# Any tips for an Etsy newbie?



## willow_girl (Dec 7, 2002)

I'm thinking of trying to sell some of my artwork on Etsy. Never used the site before .. any tips, suggestions?

Thanks!


----------



## girlwithasword (Aug 10, 2009)

you MUST MUST MUST have good pictures. MUST! Etsy is HUGE so you need some way to get noticed. Good pictures will help sell your product, and get you into treasuries.


----------



## willow_girl (Dec 7, 2002)

Thanks!


----------



## mabeane (Jun 5, 2010)

It takes a while to be noticed but when it happens its ongoing. It certainly is not a get rich quick site but I am using it to support my small goat herd (5 goats). 
Good pictures and good customer service is the key!


----------



## Our Little Farm (Apr 26, 2010)

Please link to the pics when you do get started, you may get some sales through here.


----------



## willow_girl (Dec 7, 2002)

Thanks; will do that! 

Still working on perfecting the images!


----------



## TNnative (May 23, 2004)

No advice as I don't sell on Etsy, but I do buy there, love it! 

Good Luck!


----------



## patience (Dec 29, 2005)

I don't sell on Etsy (yet  ), but I do buy a lot from there. My best advise would be to space out your listings. Like, if you have 15 items to sell. The first day list some, but save some to list a couple more each day. This way you are always on the first few pages of your category. People don't go through all the pages, but if you have something listed on those first few and it's something they like, they will check out your store. I've seen quite a few sellers list everything at once then never get a sale because they get pushed to page 70.


----------



## skwentnaflyer (Mar 9, 2009)

patience said:


> I don't sell on Etsy (yet  ), but I do buy a lot from there. My best advise would be to space out your listings. Like, if you have 15 items to sell. The first day list some, but save some to list a couple more each day. This way you are always on the first few pages of your category. People don't go through all the pages, but if you have something listed on those first few and it's something they like, they will check out your store. I've seen quite a few sellers list everything at once then never get a sale because they get pushed to page 70.


this is good advice!
Some people set a budget and renew items daily, in order to get to the top, but I personally like to add a new listing instead. It costs the same, and you're not recycling the same items day after day.


----------



## FiddleKat (Oct 22, 2004)

Ive been selling on Etsy for almost two years now. I like it. Sales seem to be in spurts. But you just have to keep at it.
Art is a hard sell period. I do art myself, but my shop is primarily dolls and doll clothing and a few other things.
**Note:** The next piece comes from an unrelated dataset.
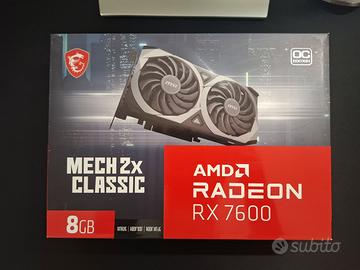 MSI MECH 2X AMD Radeon RX 7600 8GB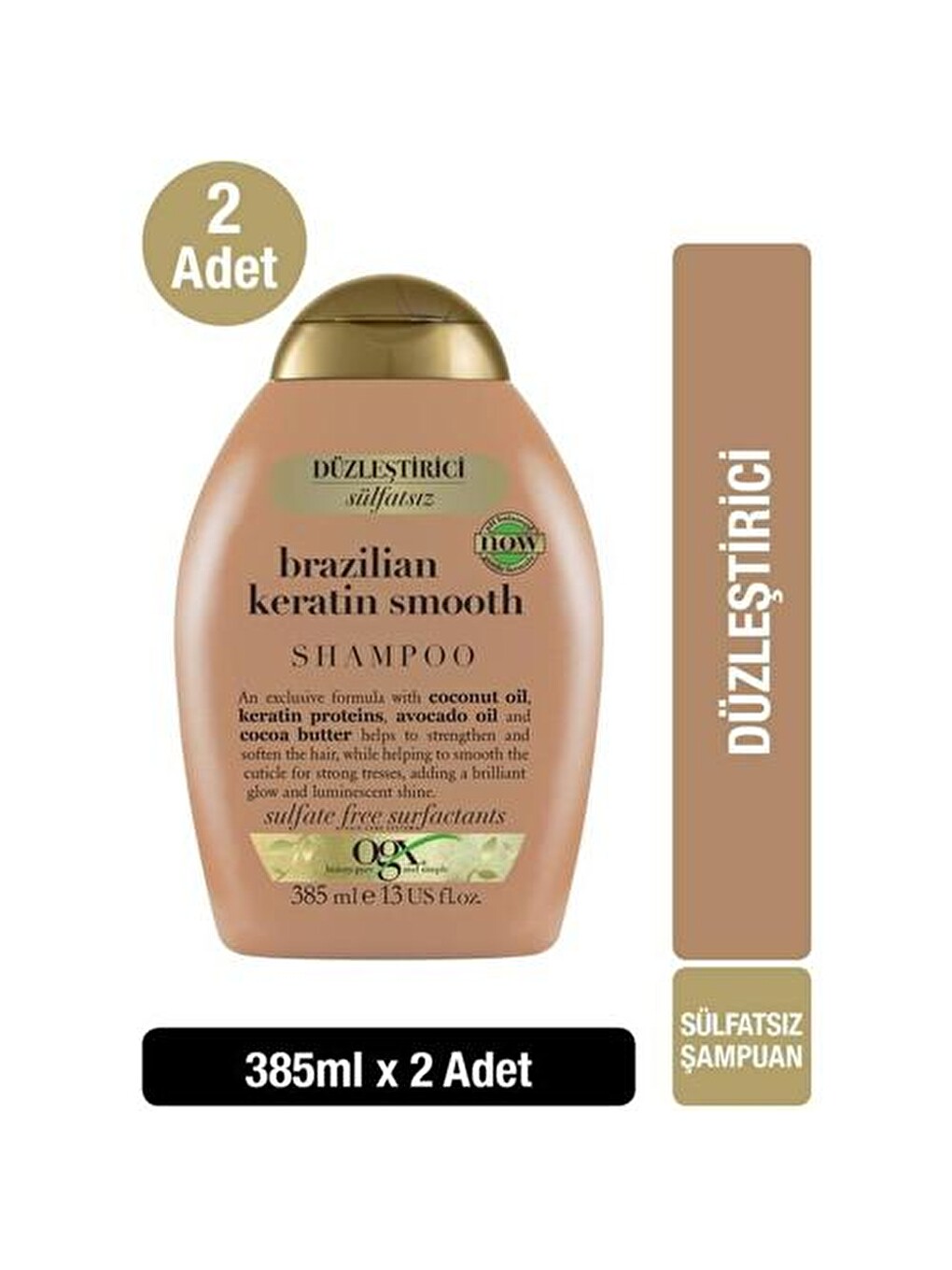 Brazilian Keratin Therapy Düzleştirici Etkili Şampuan 385 ml 2 li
Pictures are at the top of the list of things to prioritize. You can have really good work, but it you have louzy pictures it won't help. But it is a constant thing to work on. And a never ending learning experience. 

I find also if you try to list one item a day, it keeps you current in the front page for new listings. I also tweet new items and other items almost everyday as well. 

What I like about Etsy is that they only charge you 20 cents to list an item. No matter what price you put on it. Ebay can get expensive. I also like the fact that your item stays listed in your shop for 4 months. So it equals out to showing your work for 5 cents a month. Cheap advertising if you ask me!

What is your shop Willow Girl?


----------



## willow_girl (Dec 7, 2002)

I have not registered yet. The art is something I work on in fits and starts ... I had to take a break for awhile to can a kajillion tomatoes! LOL


----------